LBC = liquid-based cytology; CIN3+ = cervical intraepithelial neoplasia grade 3 or worse (including adenocarcinoma in situ/AIS and invasive cervical cancer).
Among the identified samples, biobank aliquots from 468/470 cases (99.6%) and 938/940 controls (99.8%) could be retrieved. The sample aliquots were first tested on the cobas 4800 system, for comparison with the original results obtained when testing the fresh samples in the organized screening program, and then on the cobas 6800 system.
The comparison between biobanked and fresh samples had a preassigned performance criterion that the concordance between the cobas 4800 testing of the fresh sample and the biobanked sample should be >95%.
Laboratory analyses
The cobas platforms are based on the real-time polymerase chain reaction (PCR) method, and both assays can detect 14 HPV types (high-risk types (hr) HPV16/18/31/33/35/39/45/51/52/56/58/59 and HPV66 and 68). Positivity for HPV16 and/or HPV18 are reported in two separate type-specific fluorescence channels, while infection with one or more of the other12 types is reported in a third fluorescence channel as a single result, “other hrHPV positive”. Staff from Roche trained the laboratory personnel responsible for this study locally. Both instruments were already available at the local hospital site.
Statistical analyses
The McNemar test with continuity correction for paired categorical data was applied to determine the p-value associated with comparison of test results between assays. In this approach, a p-value >0.05 and odds ratio (OR) with 95% confidence interval (CI) containing 1.00 signifies that there is no statistically significant observed difference in performance between the new test and the comparator test.

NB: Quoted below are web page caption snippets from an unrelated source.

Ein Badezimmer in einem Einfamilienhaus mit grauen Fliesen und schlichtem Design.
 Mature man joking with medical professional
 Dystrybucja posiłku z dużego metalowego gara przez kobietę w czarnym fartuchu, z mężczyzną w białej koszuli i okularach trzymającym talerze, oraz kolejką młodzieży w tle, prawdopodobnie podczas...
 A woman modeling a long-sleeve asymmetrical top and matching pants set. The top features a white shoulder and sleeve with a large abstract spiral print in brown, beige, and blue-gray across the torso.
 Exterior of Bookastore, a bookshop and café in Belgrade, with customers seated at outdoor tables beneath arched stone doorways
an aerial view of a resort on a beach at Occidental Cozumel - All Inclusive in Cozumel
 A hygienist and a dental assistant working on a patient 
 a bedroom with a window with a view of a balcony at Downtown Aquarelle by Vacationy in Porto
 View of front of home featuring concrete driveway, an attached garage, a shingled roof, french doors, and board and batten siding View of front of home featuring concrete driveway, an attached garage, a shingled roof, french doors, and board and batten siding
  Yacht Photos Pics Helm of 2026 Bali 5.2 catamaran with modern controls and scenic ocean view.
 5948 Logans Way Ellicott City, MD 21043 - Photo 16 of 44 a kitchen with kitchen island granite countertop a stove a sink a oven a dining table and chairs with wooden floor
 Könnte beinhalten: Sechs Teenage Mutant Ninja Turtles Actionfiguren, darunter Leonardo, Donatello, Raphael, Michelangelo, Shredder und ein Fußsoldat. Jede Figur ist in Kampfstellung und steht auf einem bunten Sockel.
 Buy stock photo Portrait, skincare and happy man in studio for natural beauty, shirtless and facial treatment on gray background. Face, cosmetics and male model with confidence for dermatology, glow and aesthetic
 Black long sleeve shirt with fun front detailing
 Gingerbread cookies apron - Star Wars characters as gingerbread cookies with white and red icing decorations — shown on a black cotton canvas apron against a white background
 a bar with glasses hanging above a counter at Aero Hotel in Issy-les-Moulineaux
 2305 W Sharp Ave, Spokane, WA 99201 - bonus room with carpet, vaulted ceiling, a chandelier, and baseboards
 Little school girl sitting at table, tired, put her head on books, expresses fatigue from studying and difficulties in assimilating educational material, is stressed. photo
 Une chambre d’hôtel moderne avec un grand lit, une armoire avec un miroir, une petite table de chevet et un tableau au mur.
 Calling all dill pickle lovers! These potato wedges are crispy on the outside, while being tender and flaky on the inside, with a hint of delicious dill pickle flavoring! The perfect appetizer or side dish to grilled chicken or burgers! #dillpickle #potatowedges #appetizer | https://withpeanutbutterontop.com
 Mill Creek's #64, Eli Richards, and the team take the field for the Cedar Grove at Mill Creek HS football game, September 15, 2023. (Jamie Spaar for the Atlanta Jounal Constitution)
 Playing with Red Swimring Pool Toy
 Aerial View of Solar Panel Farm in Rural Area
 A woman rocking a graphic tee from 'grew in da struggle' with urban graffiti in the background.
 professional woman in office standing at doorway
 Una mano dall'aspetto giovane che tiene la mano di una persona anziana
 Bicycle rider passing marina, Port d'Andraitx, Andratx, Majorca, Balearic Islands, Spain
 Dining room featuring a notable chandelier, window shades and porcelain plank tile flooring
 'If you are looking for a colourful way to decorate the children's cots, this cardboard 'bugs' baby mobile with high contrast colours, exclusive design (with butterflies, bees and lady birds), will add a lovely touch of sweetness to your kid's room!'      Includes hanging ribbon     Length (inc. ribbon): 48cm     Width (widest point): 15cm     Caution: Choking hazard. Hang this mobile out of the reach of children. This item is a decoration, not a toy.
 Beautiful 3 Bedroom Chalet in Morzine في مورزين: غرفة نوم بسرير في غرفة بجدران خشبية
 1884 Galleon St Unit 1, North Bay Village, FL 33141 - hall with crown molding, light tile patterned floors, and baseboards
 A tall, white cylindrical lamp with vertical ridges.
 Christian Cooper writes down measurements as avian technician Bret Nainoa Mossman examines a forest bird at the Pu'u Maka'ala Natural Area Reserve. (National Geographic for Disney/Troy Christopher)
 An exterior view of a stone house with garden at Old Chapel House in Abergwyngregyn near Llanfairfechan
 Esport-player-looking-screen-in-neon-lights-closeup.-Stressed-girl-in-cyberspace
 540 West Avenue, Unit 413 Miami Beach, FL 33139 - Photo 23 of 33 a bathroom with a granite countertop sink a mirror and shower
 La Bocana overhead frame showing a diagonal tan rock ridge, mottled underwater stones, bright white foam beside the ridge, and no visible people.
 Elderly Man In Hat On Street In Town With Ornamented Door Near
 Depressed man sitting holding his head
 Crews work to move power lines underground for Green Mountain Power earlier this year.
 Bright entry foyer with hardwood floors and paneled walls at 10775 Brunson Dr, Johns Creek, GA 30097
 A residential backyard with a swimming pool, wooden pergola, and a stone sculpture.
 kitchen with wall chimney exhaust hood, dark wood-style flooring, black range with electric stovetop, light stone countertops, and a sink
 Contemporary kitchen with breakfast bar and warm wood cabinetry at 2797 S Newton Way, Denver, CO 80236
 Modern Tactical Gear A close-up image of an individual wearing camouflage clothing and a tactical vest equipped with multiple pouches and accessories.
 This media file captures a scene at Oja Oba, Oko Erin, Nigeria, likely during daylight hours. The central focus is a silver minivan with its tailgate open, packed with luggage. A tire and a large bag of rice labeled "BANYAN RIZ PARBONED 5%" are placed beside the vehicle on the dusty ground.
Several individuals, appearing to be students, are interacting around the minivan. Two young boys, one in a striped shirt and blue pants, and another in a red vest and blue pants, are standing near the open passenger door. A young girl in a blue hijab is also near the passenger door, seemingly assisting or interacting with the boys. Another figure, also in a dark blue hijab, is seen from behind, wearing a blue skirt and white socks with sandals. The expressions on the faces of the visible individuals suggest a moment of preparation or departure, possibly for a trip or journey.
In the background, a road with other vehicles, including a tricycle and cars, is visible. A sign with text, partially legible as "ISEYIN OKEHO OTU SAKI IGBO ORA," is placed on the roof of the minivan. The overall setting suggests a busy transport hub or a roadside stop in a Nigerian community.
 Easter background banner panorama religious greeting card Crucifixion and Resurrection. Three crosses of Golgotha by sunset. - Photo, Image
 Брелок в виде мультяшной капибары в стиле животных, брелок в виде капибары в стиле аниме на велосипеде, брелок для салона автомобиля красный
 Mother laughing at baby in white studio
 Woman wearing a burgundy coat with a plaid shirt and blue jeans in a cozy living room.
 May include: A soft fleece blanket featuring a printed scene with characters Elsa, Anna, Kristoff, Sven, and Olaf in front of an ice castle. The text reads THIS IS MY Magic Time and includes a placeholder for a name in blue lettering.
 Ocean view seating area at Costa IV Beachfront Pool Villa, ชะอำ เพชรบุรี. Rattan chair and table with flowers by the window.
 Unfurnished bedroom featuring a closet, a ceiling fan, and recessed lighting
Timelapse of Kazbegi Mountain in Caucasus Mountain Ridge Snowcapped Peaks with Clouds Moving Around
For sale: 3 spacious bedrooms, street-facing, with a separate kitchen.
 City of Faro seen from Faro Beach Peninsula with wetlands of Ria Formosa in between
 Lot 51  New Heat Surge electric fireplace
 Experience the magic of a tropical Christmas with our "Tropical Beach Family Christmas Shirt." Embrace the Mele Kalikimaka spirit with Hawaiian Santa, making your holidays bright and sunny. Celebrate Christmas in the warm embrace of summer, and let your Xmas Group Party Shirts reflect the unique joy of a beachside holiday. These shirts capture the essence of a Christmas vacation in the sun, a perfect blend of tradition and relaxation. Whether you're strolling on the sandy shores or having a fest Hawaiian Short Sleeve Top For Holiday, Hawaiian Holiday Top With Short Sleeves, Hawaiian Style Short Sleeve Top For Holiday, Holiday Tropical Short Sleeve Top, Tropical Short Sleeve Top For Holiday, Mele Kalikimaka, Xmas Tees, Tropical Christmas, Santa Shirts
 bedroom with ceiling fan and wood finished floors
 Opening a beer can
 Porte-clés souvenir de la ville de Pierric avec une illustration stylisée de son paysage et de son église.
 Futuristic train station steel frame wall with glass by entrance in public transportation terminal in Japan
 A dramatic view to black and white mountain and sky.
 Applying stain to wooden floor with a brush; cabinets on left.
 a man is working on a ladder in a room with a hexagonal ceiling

Furthermore, as recommended by the consensus article by Meijer et al, we performed a non-inferiority test for the comparison of cobas 6800 sensitivity relative to cobas 4800, as previously described [4]. In this test, the null hypothesis is that the relative sensitivity is <90% and that the relative test specificity is less than 98%. If the p-value is below 0.05, there is statistical evidence that the new assay is non-inferior.
Ethical approval
The study was approved by the Regional Ethical Review Board of Stockholm (approval numbers 2017/816-32 and 2018/368-32), which determined that study-specific informed consent from the study participants was not required due to the reuse of pseudonymized samples collected through population-based screening where women have already consented to have their sample available for ethically approved research studies, unless the woman chooses to opt out of such use. The written invitations for screening include information about the registry and the biobank, including information on how to opt out of the system.
Data citation
The sampling frame data-set used for this manuscript was accessed through the Swedish National Cervical Screening Registry (NKCx), http://www.nkcx.se/research_e.htm.
Results
Sensitivity
In the original cobas 4800 testing in the organized screening program, 466/468 case women (99.6%) had been high-risk HPV (hrHPV) positive. In the repeat cobas 4800 testing of the biobanked residual samples, two samples had an invalid result and were therefore excluded. Of the remaining samples, 462/464 case women (99.6%) were hrHPV positive. 227 women were HPV16 positive in the original testing; 223/227 (98.2%) were HPV16 positive also in the re-testing with cobas 4800 (Table 1). No women who were originally HPV16 negative re-tested as HPV16 positive. Similarly, 51 women were HPV18 positive in the original testing; 49 (96.1%) were HPV18 positive also in the re-testing. Again, no woman originally negative for HPV18 re-tested as HPV18 positive. Lastly, 294 women were other hrHPV positive in the original testing, 286 (97.3%) of which re-tested as other hrHPV positive. Some women who were originally other hrHPV negative re-tested as other hrHPV positive: 8/170 women (4.7%) (Table 1). These results were above the prespecified minimum performance criterion that concordance between testing of fresh sample and of biobanked sample should be >95% and testing was therefore continued with testing of the biobanked samples with cobas 6800.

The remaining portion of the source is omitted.